Instructions for the task:
Only the lines below between the ones containing "Fun Silicone Fidget" and "O168865 Men Short Sleeve", inclusive, are to be reproduced, each exactly as it stands.

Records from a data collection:
*** Begin section ***
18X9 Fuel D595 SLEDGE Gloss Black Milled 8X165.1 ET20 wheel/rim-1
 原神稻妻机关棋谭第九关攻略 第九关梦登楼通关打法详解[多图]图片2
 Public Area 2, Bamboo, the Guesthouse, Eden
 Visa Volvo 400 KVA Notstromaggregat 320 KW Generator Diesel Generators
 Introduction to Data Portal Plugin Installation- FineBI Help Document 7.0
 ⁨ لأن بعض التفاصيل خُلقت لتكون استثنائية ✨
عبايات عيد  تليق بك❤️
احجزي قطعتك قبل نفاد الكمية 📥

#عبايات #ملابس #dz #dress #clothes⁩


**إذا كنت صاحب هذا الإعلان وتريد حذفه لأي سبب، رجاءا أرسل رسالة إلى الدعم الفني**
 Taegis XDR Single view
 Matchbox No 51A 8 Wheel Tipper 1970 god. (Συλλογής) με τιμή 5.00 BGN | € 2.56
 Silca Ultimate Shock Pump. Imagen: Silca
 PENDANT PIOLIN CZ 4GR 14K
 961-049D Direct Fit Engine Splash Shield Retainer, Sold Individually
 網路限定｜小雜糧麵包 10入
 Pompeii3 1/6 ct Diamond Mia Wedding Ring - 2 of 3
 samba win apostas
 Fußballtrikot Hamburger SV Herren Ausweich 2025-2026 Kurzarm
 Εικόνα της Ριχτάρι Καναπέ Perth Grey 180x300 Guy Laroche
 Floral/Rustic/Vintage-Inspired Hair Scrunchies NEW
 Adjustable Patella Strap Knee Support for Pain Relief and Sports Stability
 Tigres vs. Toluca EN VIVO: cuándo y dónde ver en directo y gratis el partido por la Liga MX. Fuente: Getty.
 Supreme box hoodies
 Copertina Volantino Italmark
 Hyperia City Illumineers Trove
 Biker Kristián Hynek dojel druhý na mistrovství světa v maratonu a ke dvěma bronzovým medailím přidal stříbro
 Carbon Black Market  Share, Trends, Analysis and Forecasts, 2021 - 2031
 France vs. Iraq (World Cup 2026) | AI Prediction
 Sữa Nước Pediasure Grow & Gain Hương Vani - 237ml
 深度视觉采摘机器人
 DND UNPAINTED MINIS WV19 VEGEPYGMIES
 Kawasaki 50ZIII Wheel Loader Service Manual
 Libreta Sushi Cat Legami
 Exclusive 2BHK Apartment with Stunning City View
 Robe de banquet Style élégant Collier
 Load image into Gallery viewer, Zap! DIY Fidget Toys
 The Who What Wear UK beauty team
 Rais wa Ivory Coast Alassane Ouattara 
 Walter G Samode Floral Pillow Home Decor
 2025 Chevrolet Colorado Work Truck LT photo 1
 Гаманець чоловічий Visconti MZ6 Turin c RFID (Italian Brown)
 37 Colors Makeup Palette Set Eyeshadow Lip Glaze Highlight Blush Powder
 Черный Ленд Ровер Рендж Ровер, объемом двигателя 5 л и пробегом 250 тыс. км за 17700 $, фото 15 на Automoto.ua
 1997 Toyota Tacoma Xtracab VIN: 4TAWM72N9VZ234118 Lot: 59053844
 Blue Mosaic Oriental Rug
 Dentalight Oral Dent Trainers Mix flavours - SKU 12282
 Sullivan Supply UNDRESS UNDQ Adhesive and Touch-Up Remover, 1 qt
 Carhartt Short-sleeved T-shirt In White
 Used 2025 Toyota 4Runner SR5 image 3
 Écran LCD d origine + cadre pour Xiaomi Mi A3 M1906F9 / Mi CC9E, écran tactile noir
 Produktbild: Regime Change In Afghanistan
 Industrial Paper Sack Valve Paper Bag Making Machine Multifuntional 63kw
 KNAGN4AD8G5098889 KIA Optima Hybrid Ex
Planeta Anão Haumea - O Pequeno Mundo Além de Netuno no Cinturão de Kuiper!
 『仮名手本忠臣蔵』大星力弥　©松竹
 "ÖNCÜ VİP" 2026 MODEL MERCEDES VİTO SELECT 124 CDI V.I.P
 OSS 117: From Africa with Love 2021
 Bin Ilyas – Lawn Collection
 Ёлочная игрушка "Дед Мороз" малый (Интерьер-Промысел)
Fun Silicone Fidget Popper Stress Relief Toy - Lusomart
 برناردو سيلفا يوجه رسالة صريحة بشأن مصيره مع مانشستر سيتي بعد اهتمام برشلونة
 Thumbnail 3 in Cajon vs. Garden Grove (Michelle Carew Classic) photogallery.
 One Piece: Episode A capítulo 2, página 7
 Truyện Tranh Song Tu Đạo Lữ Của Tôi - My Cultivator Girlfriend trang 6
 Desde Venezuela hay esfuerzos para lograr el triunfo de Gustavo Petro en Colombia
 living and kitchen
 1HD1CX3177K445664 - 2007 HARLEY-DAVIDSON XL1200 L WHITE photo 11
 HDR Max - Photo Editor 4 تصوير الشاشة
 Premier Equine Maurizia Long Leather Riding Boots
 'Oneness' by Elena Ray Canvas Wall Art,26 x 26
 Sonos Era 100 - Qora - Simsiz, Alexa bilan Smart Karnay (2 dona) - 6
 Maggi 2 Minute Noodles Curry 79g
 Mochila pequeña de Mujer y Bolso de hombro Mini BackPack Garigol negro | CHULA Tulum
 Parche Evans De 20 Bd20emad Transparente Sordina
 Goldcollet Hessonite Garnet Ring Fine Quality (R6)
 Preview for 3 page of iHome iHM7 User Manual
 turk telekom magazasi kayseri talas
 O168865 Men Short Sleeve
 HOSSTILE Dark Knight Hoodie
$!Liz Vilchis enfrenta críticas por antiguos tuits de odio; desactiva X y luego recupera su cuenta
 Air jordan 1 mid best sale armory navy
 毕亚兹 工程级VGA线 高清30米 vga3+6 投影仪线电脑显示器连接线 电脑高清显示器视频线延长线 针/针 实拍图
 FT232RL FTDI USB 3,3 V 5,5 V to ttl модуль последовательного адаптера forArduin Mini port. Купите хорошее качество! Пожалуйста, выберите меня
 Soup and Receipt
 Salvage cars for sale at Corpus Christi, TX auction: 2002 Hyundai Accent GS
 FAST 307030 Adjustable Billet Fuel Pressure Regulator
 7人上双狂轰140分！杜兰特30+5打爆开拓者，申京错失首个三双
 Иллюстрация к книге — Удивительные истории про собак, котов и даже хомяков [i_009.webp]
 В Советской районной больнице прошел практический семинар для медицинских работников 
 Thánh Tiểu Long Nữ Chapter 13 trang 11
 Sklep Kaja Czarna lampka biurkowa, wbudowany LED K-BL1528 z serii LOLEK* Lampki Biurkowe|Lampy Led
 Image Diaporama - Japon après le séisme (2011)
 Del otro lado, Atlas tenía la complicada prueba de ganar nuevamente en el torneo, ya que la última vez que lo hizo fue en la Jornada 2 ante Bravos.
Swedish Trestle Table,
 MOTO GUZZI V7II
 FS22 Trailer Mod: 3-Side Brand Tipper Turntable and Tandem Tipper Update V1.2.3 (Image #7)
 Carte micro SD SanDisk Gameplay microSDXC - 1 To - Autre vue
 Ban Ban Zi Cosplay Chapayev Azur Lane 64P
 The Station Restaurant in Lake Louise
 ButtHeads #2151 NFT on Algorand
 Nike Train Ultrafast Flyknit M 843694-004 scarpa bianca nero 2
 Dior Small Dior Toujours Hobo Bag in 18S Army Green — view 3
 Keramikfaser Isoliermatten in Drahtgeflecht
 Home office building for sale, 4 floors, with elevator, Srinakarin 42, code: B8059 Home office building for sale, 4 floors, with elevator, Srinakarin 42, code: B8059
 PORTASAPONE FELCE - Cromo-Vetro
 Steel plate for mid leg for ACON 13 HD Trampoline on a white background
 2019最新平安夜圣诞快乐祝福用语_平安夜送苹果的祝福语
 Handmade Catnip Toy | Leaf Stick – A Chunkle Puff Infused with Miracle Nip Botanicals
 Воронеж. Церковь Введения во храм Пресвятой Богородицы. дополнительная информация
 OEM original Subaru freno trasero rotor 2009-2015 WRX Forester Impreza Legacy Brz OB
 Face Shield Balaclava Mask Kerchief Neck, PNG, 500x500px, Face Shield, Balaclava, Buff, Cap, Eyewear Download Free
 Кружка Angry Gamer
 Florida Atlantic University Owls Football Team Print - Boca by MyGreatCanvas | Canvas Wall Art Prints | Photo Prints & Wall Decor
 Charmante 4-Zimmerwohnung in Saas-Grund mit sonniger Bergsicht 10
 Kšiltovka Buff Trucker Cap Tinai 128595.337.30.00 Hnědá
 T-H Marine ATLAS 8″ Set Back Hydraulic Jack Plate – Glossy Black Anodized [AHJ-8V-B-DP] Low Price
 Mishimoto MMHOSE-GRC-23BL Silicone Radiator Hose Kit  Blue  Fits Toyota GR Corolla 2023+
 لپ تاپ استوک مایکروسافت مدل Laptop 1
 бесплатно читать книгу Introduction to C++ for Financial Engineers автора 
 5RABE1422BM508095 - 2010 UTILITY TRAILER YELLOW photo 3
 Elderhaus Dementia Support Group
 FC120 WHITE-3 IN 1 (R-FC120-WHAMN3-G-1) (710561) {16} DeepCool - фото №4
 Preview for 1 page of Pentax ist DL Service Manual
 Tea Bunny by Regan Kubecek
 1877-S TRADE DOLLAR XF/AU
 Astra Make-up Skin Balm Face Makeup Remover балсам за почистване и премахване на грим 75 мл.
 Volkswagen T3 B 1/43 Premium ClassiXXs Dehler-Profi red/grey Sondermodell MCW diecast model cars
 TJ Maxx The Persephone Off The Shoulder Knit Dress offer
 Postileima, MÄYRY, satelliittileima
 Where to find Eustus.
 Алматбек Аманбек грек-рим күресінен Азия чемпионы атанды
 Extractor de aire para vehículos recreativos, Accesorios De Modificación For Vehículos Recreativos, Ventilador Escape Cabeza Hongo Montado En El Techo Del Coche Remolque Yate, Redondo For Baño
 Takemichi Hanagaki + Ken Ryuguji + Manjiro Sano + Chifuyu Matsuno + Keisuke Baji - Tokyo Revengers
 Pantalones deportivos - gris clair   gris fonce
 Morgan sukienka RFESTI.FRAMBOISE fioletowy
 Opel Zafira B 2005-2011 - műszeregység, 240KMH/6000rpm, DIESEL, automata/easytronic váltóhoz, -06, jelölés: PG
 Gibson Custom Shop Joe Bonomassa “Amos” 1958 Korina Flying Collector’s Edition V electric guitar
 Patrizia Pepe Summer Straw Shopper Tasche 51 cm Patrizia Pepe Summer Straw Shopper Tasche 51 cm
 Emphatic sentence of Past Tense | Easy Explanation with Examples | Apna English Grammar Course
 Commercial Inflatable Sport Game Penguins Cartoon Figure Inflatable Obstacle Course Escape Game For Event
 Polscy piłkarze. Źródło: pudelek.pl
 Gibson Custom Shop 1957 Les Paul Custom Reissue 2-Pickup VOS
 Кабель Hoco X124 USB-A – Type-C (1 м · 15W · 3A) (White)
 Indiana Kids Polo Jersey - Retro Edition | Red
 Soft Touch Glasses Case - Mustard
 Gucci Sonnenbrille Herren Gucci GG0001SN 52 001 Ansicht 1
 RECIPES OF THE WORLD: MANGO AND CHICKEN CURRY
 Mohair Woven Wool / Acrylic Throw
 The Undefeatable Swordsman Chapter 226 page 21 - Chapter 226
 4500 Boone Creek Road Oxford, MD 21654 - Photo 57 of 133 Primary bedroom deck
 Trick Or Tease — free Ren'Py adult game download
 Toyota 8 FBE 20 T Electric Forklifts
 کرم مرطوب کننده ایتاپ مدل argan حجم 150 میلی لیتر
*** End section ***
Your solution:
Fun Silicone Fidget Popper Stress Relief Toy - Lusomart
 برناردو سيلفا يوجه رسالة صريحة بشأن مصيره مع مانشستر سيتي بعد اهتمام برشلونة
 Thumbnail 3 in Cajon vs. Garden Grove (Michelle Carew Classic) photogallery.
 One Piece: Episode A capítulo 2, página 7
 Truyện Tranh Song Tu Đạo Lữ Của Tôi - My Cultivator Girlfriend trang 6
 Desde Venezuela hay esfuerzos para lograr el triunfo de Gustavo Petro en Colombia
 living and kitchen
 1HD1CX3177K445664 - 2007 HARLEY-DAVIDSON XL1200 L WHITE photo 11
 HDR Max - Photo Editor 4 تصوير الشاشة
 Premier Equine Maurizia Long Leather Riding Boots
 'Oneness' by Elena Ray Canvas Wall Art,26 x 26
 Sonos Era 100 - Qora - Simsiz, Alexa bilan Smart Karnay (2 dona) - 6
 Maggi 2 Minute Noodles Curry 79g
 Mochila pequeña de Mujer y Bolso de hombro Mini BackPack Garigol negro | CHULA Tulum
 Parche Evans De 20 Bd20emad Transparente Sordina
 Goldcollet Hessonite Garnet Ring Fine Quality (R6)
 Preview for 3 page of iHome iHM7 User Manual
 turk telekom magazasi kayseri talas
 O168865 Men Short Sleeve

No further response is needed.